#### Captioned web image data
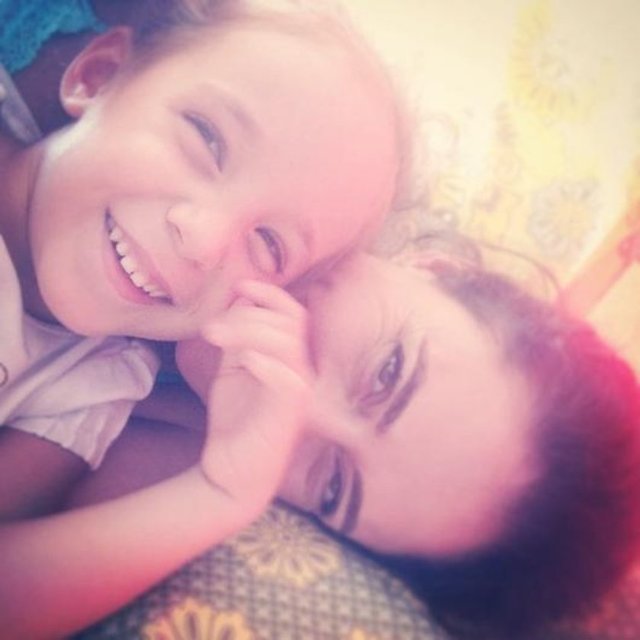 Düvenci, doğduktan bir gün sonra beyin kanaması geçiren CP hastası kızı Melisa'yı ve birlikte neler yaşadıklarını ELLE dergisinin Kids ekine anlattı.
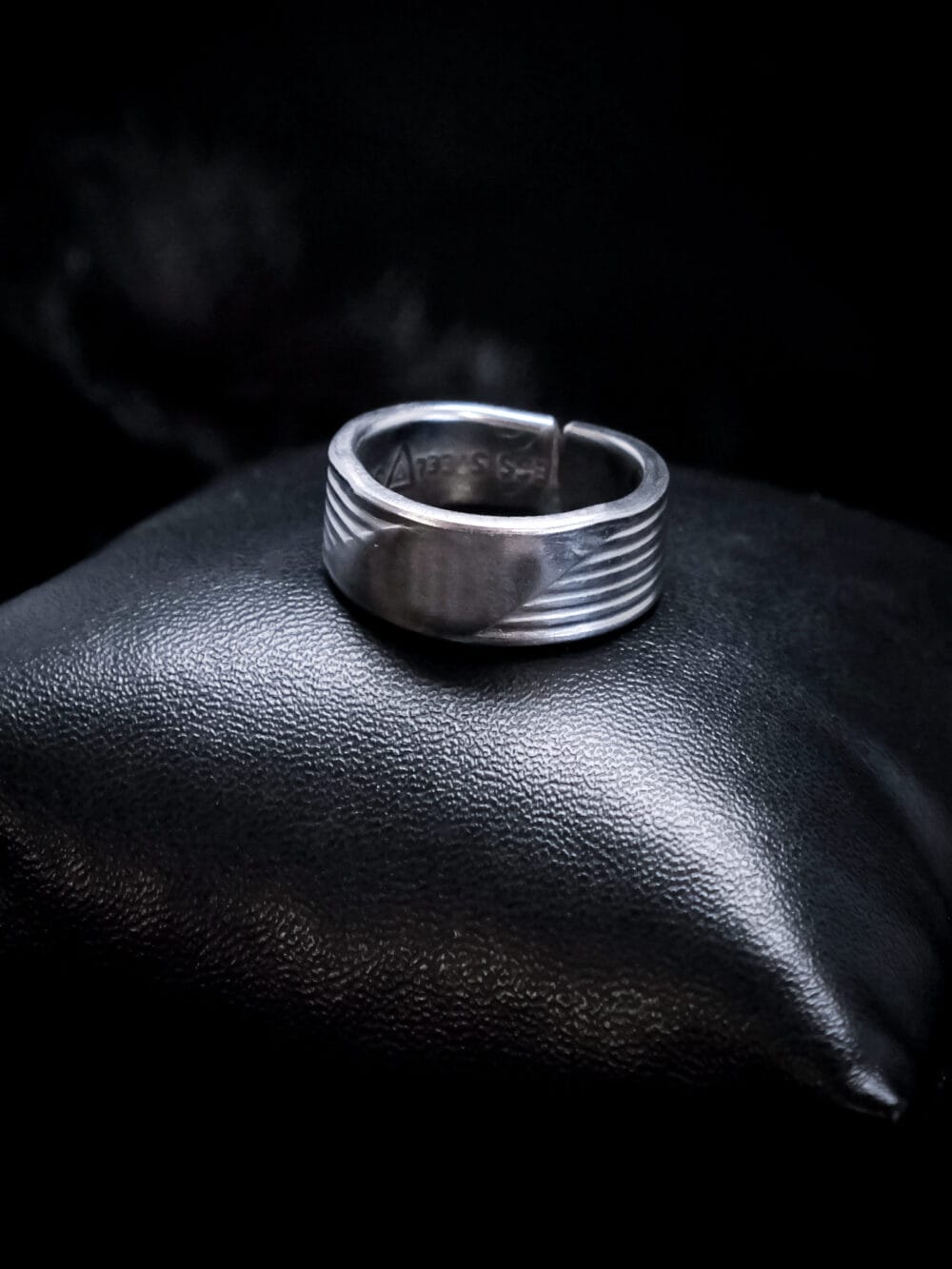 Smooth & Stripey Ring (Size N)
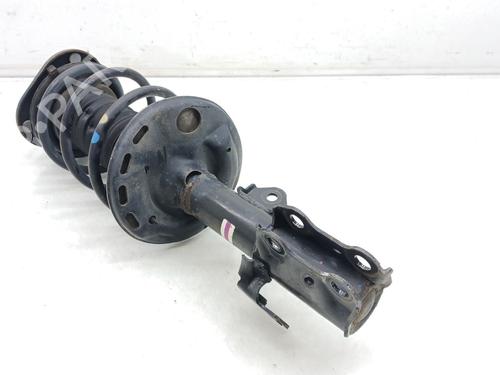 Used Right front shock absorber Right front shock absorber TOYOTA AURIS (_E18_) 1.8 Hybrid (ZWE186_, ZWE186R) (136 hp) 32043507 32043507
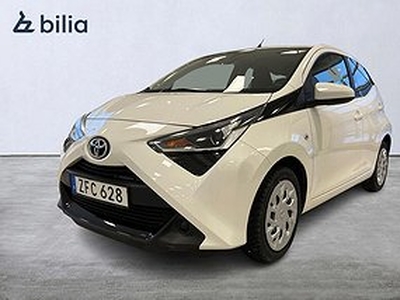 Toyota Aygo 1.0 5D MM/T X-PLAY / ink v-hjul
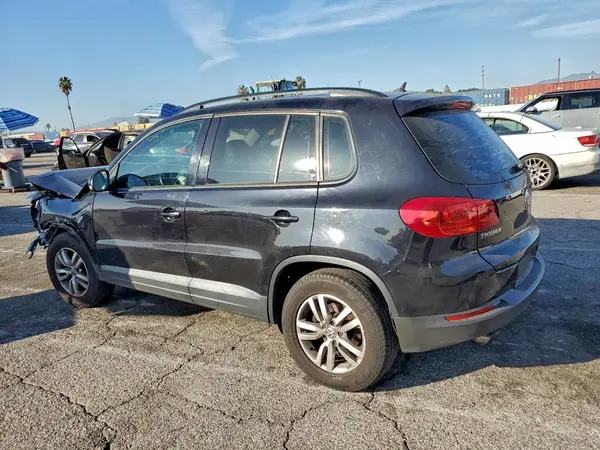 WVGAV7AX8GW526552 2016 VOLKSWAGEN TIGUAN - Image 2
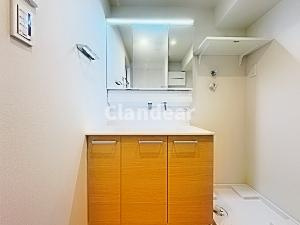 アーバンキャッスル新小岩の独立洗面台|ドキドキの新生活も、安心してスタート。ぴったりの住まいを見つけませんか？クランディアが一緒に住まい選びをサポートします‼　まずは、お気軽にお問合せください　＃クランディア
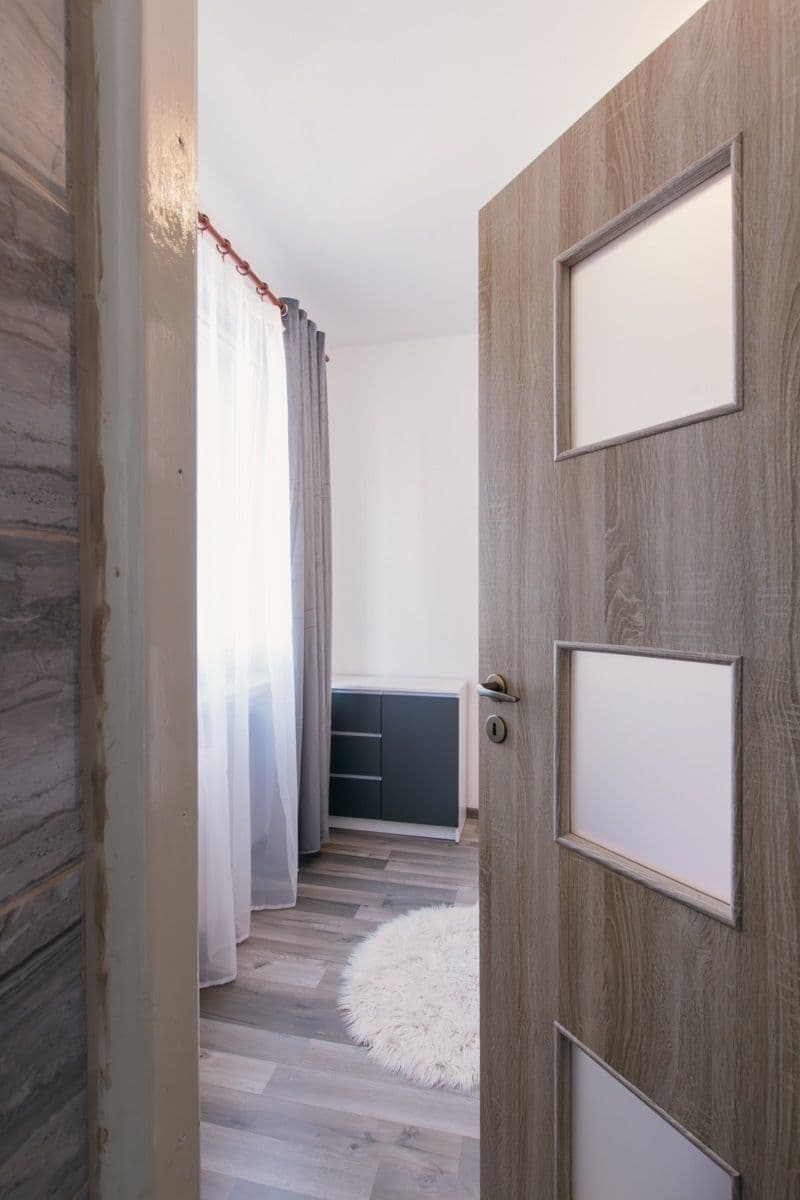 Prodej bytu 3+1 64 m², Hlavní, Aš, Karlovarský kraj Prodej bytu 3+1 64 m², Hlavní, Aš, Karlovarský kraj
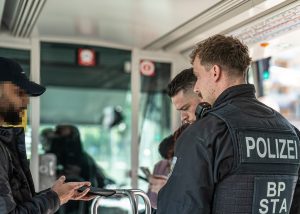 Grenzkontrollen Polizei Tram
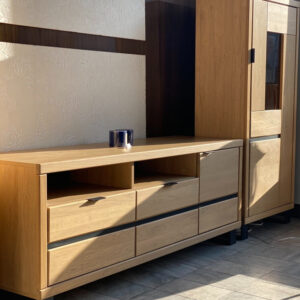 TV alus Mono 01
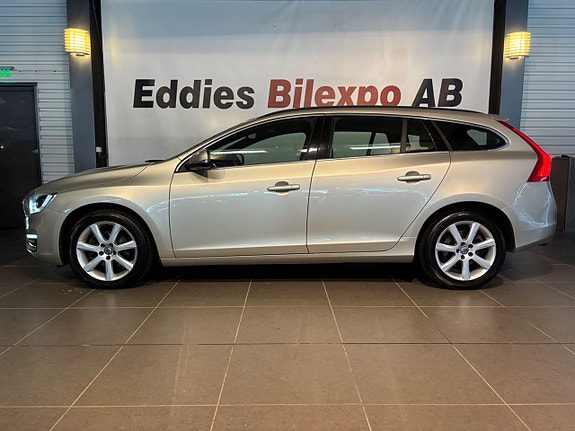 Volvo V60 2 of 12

#### EXERCISE REQUIREMENTS
Apart from the pictures, every record must be set down exactly.

#### RESPONSE
 Düvenci, doğduktan bir gün sonra beyin kanaması geçiren CP hastası kızı Melisa'yı ve birlikte neler yaşadıklarını ELLE dergisinin Kids ekine anlattı.
 Smooth & Stripey Ring (Size N)
 Used Right front shock absorber Right front shock absorber TOYOTA AURIS (_E18_) 1.8 Hybrid (ZWE186_, ZWE186R) (136 hp) 32043507 32043507
 Toyota Aygo 1.0 5D MM/T X-PLAY / ink v-hjul
 WVGAV7AX8GW526552 2016 VOLKSWAGEN TIGUAN - Image 2
 アーバンキャッスル新小岩の独立洗面台|ドキドキの新生活も、安心してスタート。ぴったりの住まいを見つけませんか？クランディアが一緒に住まい選びをサポートします‼　まずは、お気軽にお問合せください　＃クランディア
 Prodej bytu 3+1 64 m², Hlavní, Aš, Karlovarský kraj Prodej bytu 3+1 64 m², Hlavní, Aš, Karlovarský kraj
 Grenzkontrollen Polizei Tram
 TV alus Mono 01
 Volvo V60 2 of 12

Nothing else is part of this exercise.